And then my voice cuts through. “How… how deep is it?”
My friends pause, looking at me in bewilderment. It never occurred to them to worry about how deep the water is. They learned to swim when they were six and seven, maybe even five, if they were lucky.
I start to feel embarrassed, but my best friend saves me. “Um…about four and a half feet…I think,” Lauren says. She’s the only one that knows I can’t swim.

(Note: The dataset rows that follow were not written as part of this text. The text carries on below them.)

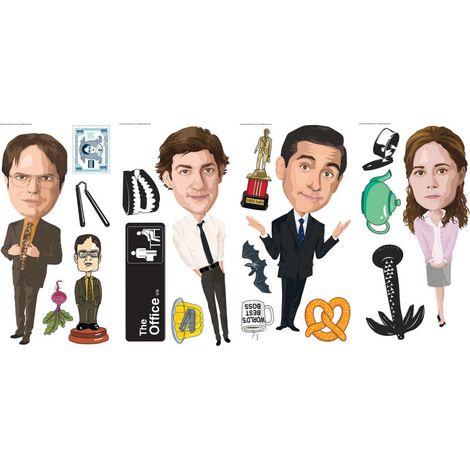 Stickers repositionnables The Office - tous les personnages (1/5)
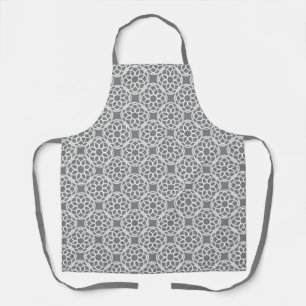 Tablier Motif gris blanc géométrique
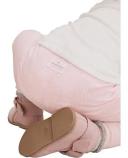 Country Road Girls Organically Grown Cotton Solid Rib Legging Light Pink in Size 12-18 Months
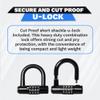DocksLocks Anti Theft Steel Cable U-Lock, 25ft, Weatherproof, Cut Proof, Easy to Use, Lightweight view 3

“Well, let’s go!” Liz says, impatient. She races out the door, not giving me a second thought. She’s actually younger than the rest of us because she skipped a grade. She should be in second grade, not third.

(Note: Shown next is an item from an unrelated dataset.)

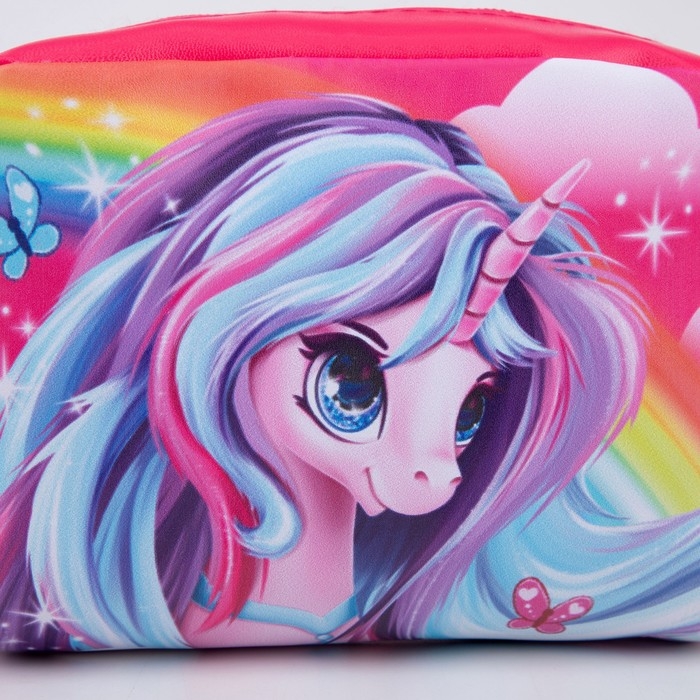 Сумка детская для девочки «Волшебный единорог» из эко-кожи, на ремешке, 15х12х3 см Сумка детская для девочки «Волшебный единорог» из эко-кожи, на ремешке, 15х12х3 см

Jenine follows Liz, and Sarah rushes after them. “I…don’t feel much like swimming,” I say haltingly, imploringly staring at Lauren. She smiles, forced.
“That’s okay. I’ll play with you on the trampoline.”
Oh, Lauren. I feel guilty – she should be swimming in the pool with our friends, having a great time instead of babysitting her pathetic best friend that can’t even swim. “Well…if you want. You can play in the pool; I won’t mind,” I suggest quietly, staring at my toes that are hidden in the thick carpet.
“No, I want to play with you.” Lauren suddenly sprints out the door. “Race you!”
“Hey, no fair!” I shout, taking off after her.
As we leap around on the trampoline, I watch Sarah, Jenine and Liz splashing around in the pool, shrieking with laughter. I wonder what it feels like to have no fear of water.
All of this memory comes back to me in a rush of two seconds, and the nostalgic voices and sounds melt away as reality snatches me back again.
The pool is deep.
I breathe deeply, but shakily. The diving board is hard against my feet, and my toes slide to the very edge of the white plank that pushes its length precariously over the edge of the pool. The water is waving deeply, the surface wriggling with movement from the wind.
“Take a deep breath, I’m right here, and you’ve got your kickboard, nothing’s going to happen, just slide into the water. I’m right here, nothing’s going to happen,” my teacher coaches me with a simper. Yeah, right. I seriously doubt that she would save me if I started to drown.
The chlorine floats up from the pool and swims down my throat. I hate that smell. It reminds me of pools, because pools are deep, and deep is bad.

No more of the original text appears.